Notre citoyen est-il mieux loti quand il s'agit de l'histoire de l'Algérie avec l'avènement de l'Islam ? Lui a-t-il été et lui est-il possible, en l'état de la bibliographie et en l'état des programmes scolaires, de connaître le processus d'implantation de l'Islam, les courants de pensée qui l'ont traversé et les penseurs algériens durant les 14 siècles de son existence ? Le vice est tel qu'une maison d'édition libanaise a publié la traduction du livre d'Alfred Bel la Religion musulmane en Berbérie. La recherche dans ce domaine existe, certes, mais elle est calfeutrée au sein des universités. Les résultats circulent peu et ne parviennent au public, spécialisé ou non, que sporadiquement.

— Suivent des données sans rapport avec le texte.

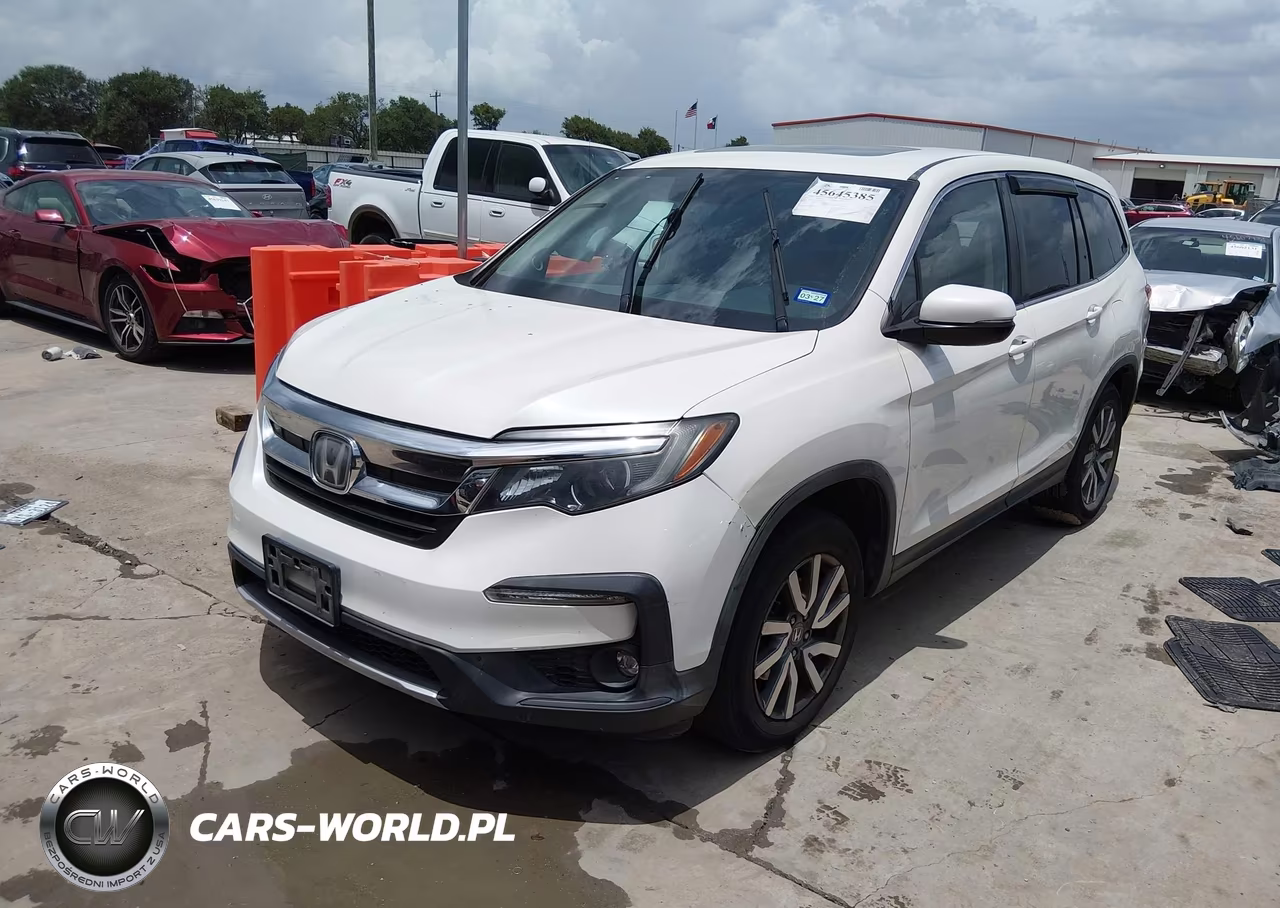 2019 Honda Pilot Ex-L VIN:5FNYF5H50KB039951 - 2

Quelques thèses ont été publiées, elles ne représentent pas la réalité de la recherche, ni surtout sa valeur scientifique. Certaines, en effet, sont trop partisanes pour inspirer confiance. C'est l'exemple de deux thèses dont les auteurs étalent leur intolérance : Rôle des Kutama dans l'histoire de la khilafa fatimide (Dawr kutama fi tarrikh al khilifa al fatimiya), notamment pages 424-425, de M. Lukbal; la Politique intérieure de la khilafa fatimide (Al siyàsa al dakhiliya lil khilafa al fatimiya fi al Maghrib al islami), de M. S. Marmou qui compare le pouvoir fatimide à celui des colonialistes français dans les pages 72-73 et 76.
Ce citoyen a-t-il un éclairage objectif, loin des slogans réducteurs, sur le processus de l'arabisation culturelle de l'Algérie ?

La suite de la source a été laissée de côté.